■ **MATERIAL FOR THIS TASK**
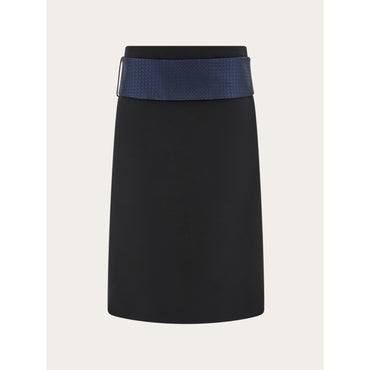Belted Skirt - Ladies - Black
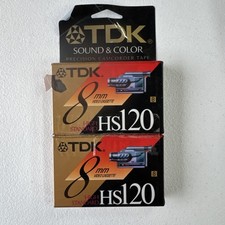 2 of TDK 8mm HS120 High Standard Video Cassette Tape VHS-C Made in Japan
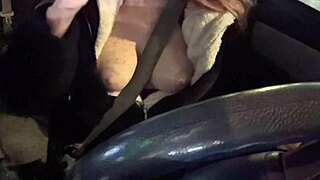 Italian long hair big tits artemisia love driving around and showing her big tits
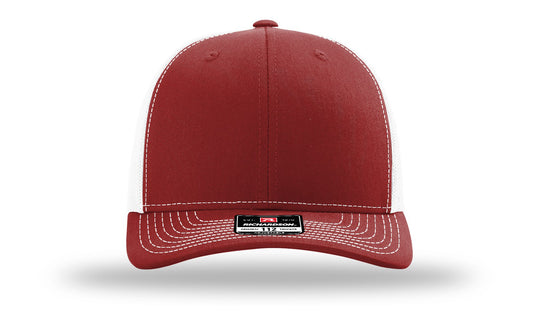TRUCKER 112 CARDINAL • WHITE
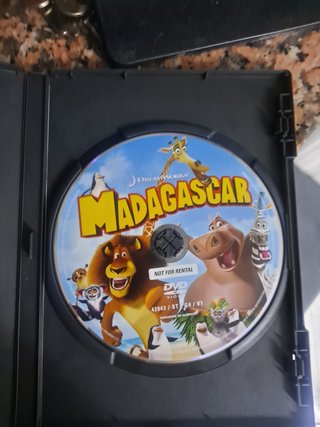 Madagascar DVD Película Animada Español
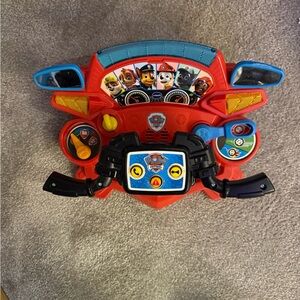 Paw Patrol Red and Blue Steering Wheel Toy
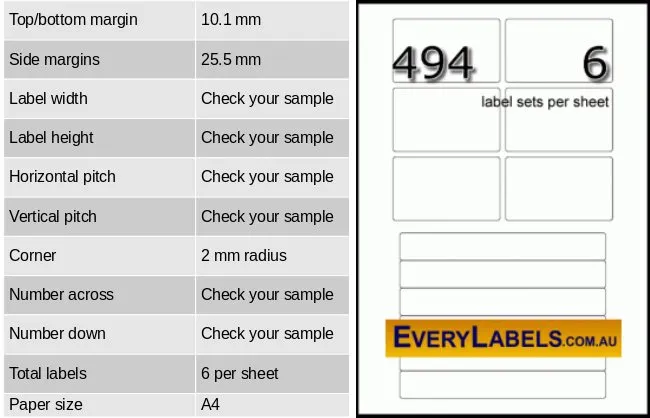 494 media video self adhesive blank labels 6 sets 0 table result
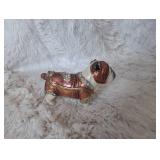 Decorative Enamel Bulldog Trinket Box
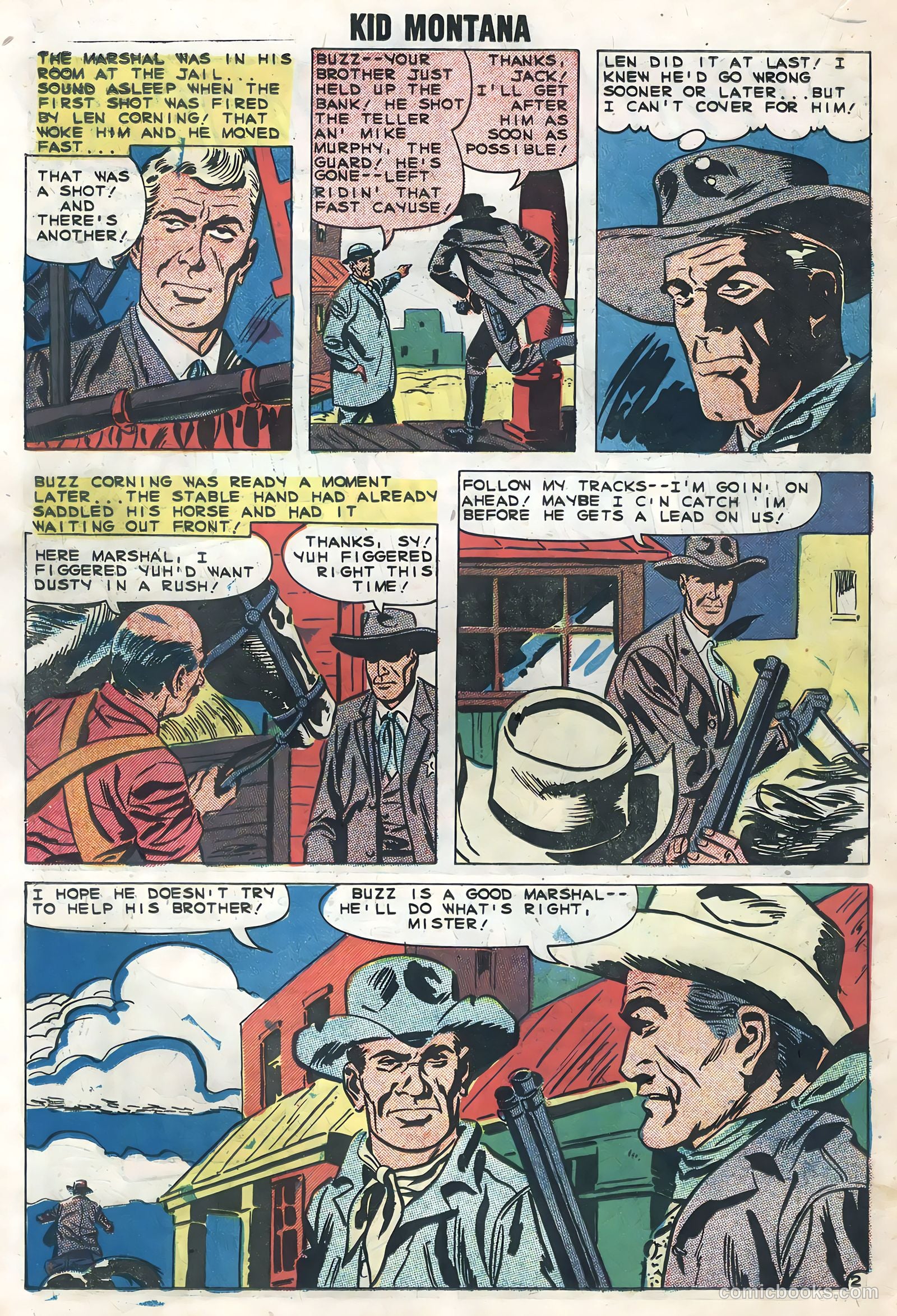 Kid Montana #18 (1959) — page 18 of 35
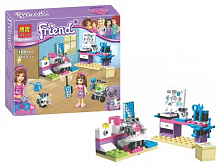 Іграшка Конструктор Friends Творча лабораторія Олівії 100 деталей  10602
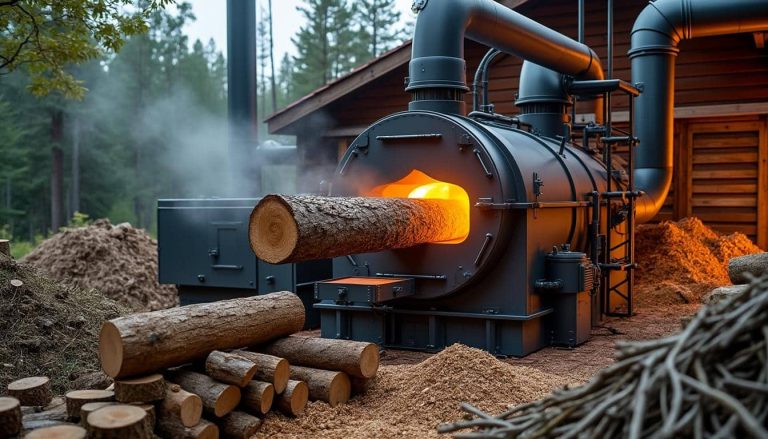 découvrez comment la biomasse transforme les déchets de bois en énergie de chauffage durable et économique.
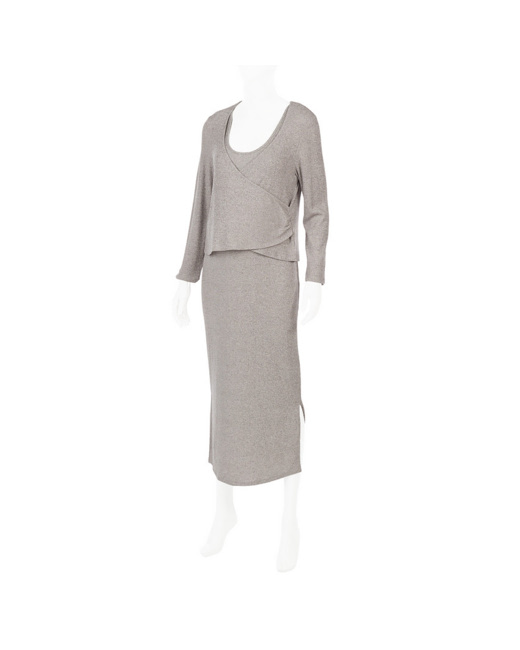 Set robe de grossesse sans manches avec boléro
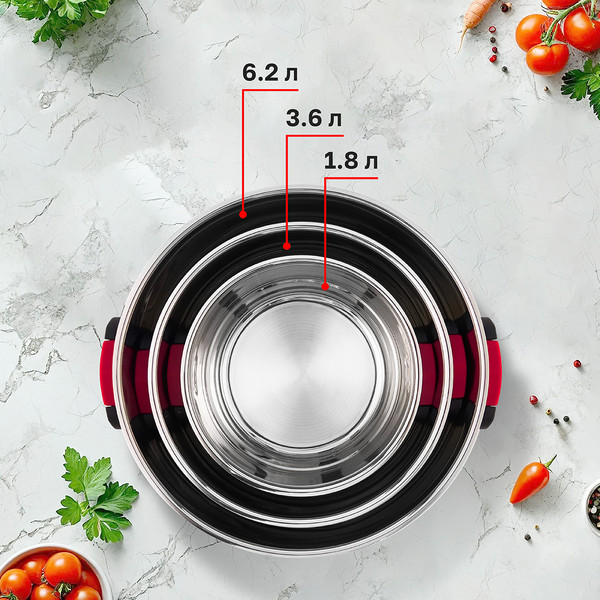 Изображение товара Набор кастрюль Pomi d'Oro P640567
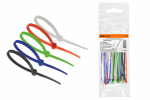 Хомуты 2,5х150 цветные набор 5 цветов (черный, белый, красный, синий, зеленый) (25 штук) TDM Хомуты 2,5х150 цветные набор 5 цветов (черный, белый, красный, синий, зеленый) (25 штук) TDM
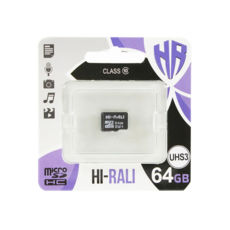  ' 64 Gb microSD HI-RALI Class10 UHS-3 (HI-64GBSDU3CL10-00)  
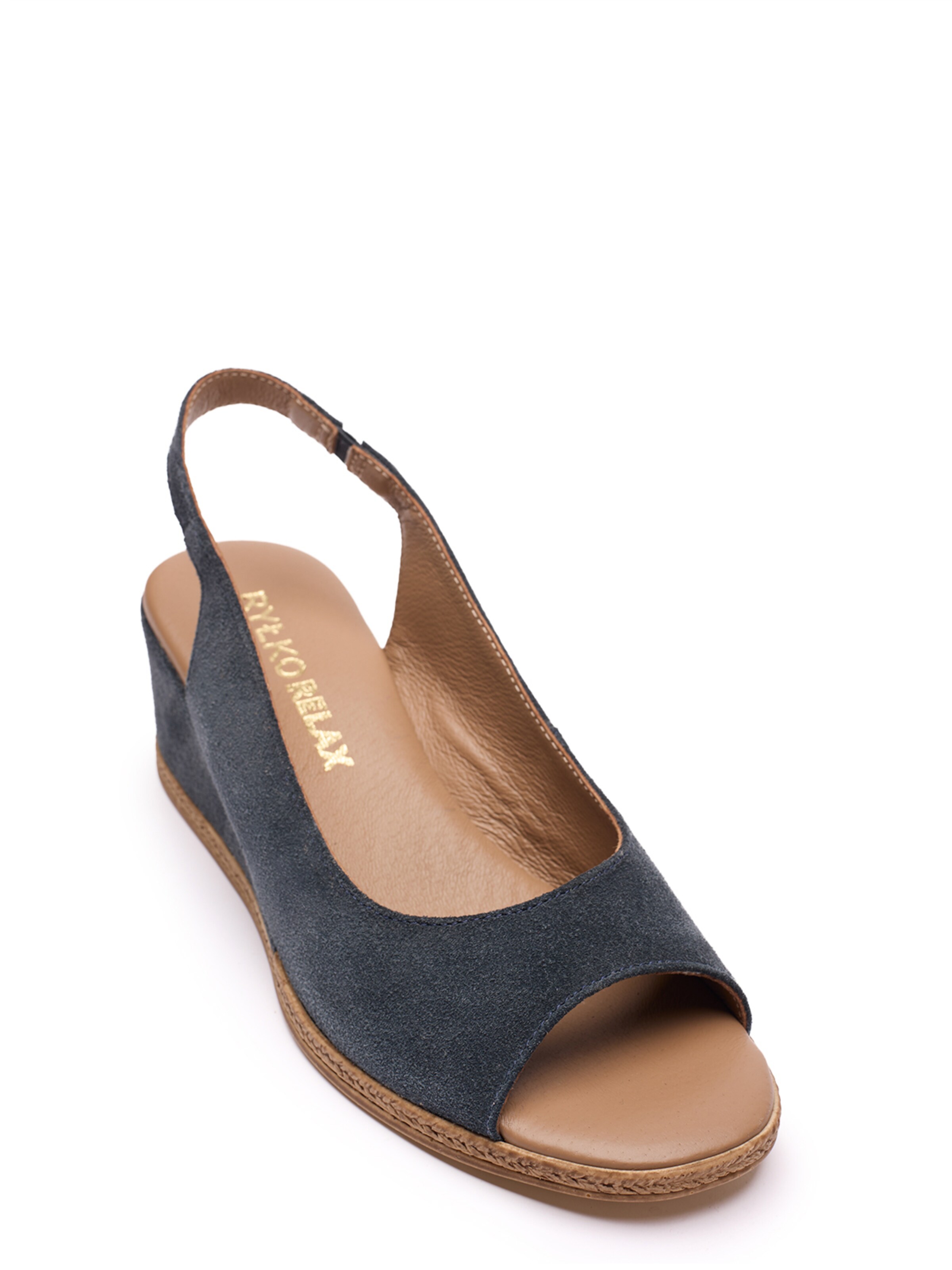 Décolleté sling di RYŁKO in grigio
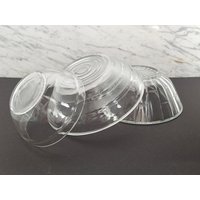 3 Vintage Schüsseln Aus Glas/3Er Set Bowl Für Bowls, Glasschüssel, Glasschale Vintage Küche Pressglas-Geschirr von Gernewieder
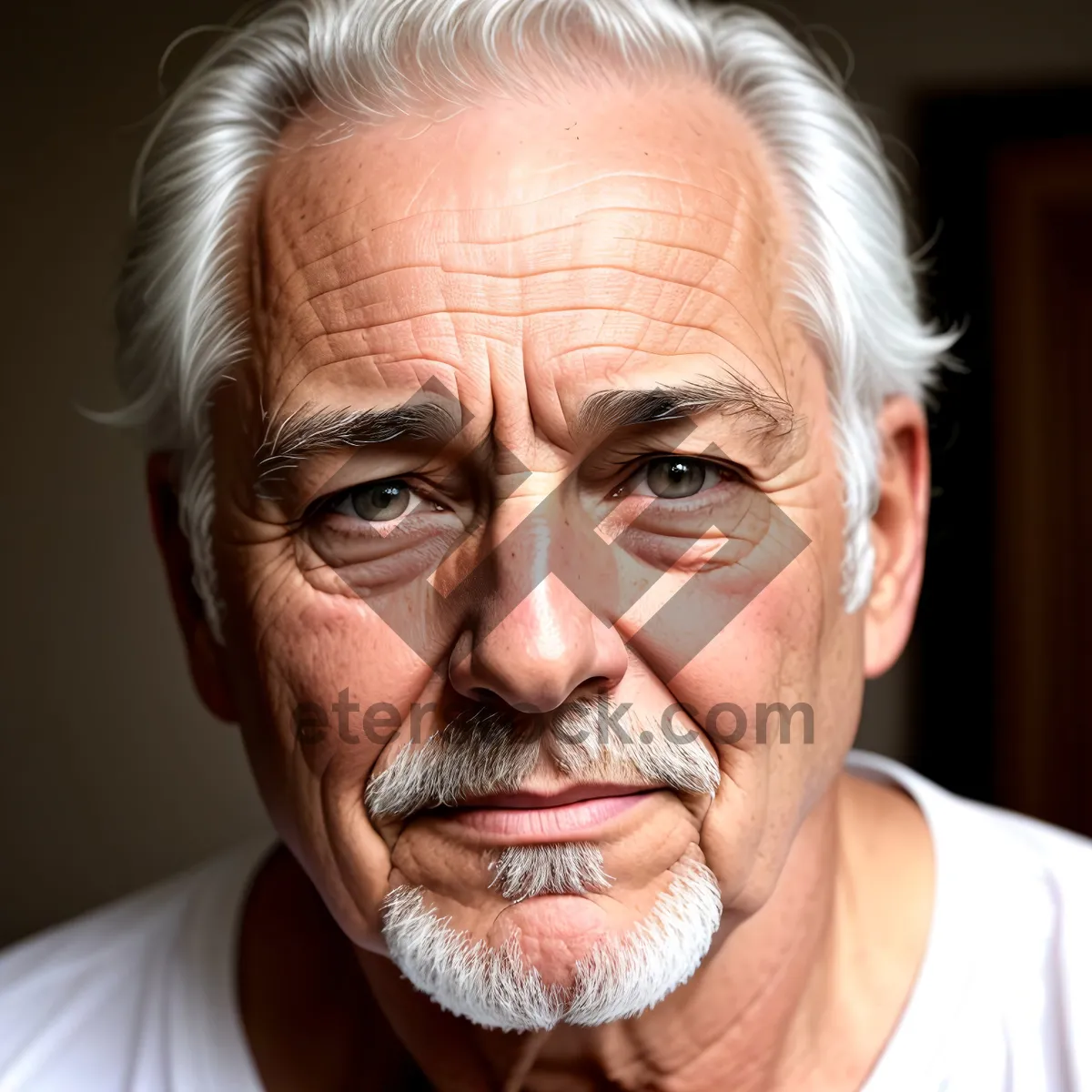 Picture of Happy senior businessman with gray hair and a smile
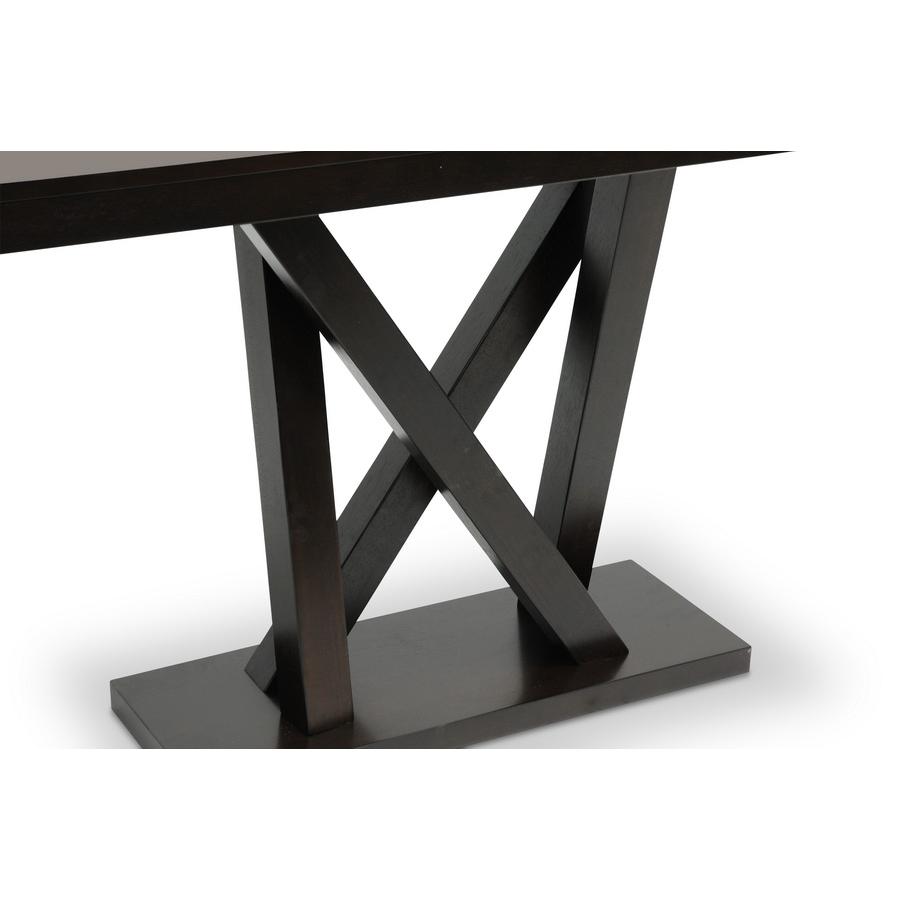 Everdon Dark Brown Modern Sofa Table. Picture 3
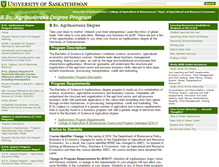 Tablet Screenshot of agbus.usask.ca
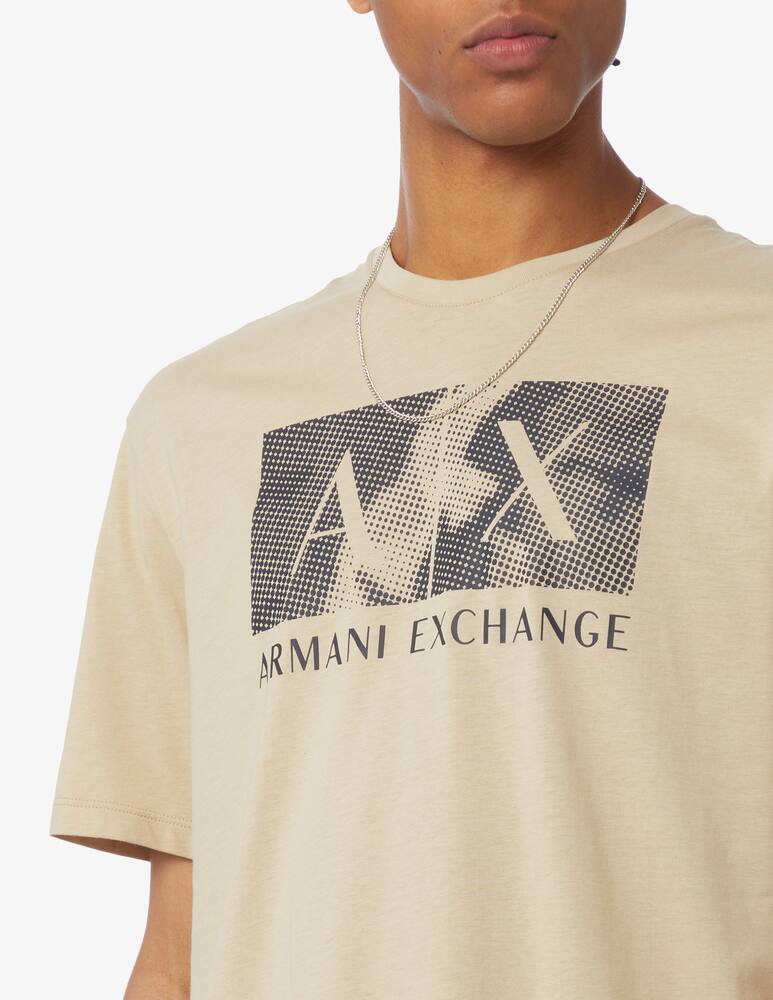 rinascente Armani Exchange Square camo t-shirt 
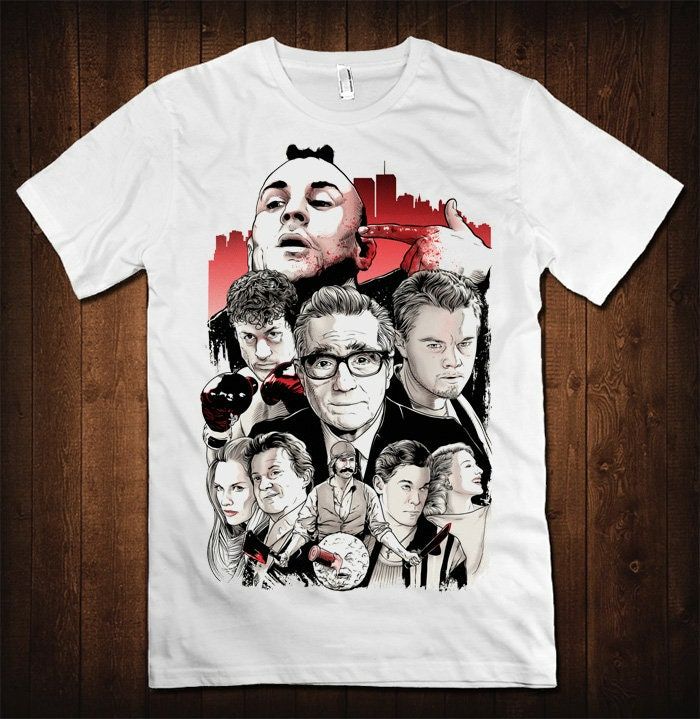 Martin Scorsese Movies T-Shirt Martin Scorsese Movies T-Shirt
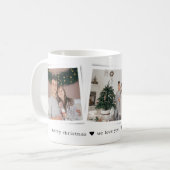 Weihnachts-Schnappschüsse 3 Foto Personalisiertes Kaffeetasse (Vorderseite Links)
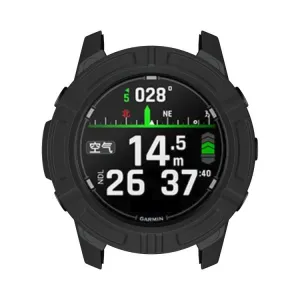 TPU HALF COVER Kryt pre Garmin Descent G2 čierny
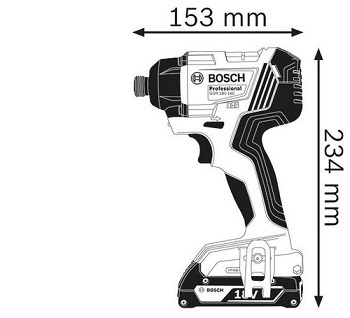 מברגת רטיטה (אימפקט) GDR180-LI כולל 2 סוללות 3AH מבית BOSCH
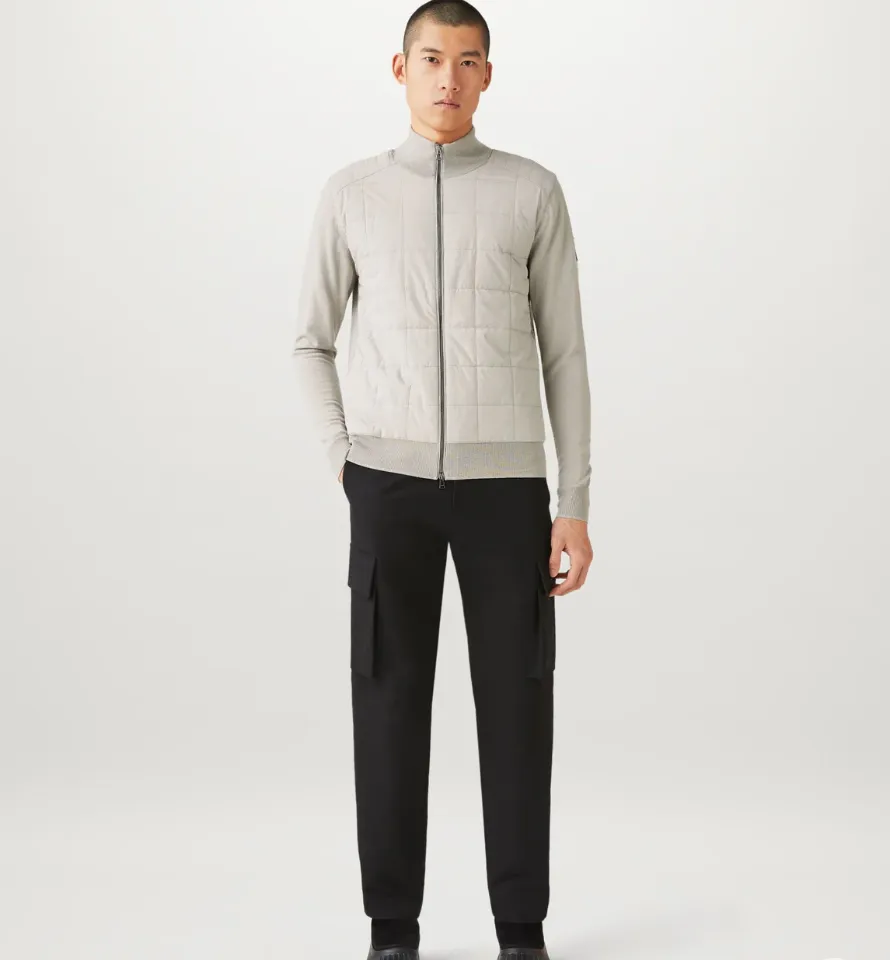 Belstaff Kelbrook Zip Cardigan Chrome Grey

■ **TRY IT**
Of the lines above, copy only those from the one holding "2 of TDK 8mm" to the one holding "штук) TDM Хомуты", both included, and exclude every image.

■ **ANSWER BELOW**
 2 of TDK 8mm HS120 High Standard Video Cassette Tape VHS-C Made in Japan
 Italian long hair big tits artemisia love driving around and showing her big tits
TRUCKER 112 CARDINAL • WHITE
 Madagascar DVD Película Animada Español
 Paw Patrol Red and Blue Steering Wheel Toy
 494 media video self adhesive blank labels 6 sets 0 table result
 Decorative Enamel Bulldog Trinket Box
 Kid Montana #18 (1959) — page 18 of 35
 Іграшка Конструктор Friends Творча лабораторія Олівії 100 деталей  10602
 découvrez comment la biomasse transforme les déchets de bois en énergie de chauffage durable et économique.
 Set robe de grossesse sans manches avec boléro
 Изображение товара Набор кастрюль Pomi d'Oro P640567
 Хомуты 2,5х150 цветные набор 5 цветов (черный, белый, красный, синий, зеленый) (25 штук) TDM Хомуты 2,5х150 цветные набор 5 цветов (черный, белый, красный, синий, зеленый) (25 штук) TDM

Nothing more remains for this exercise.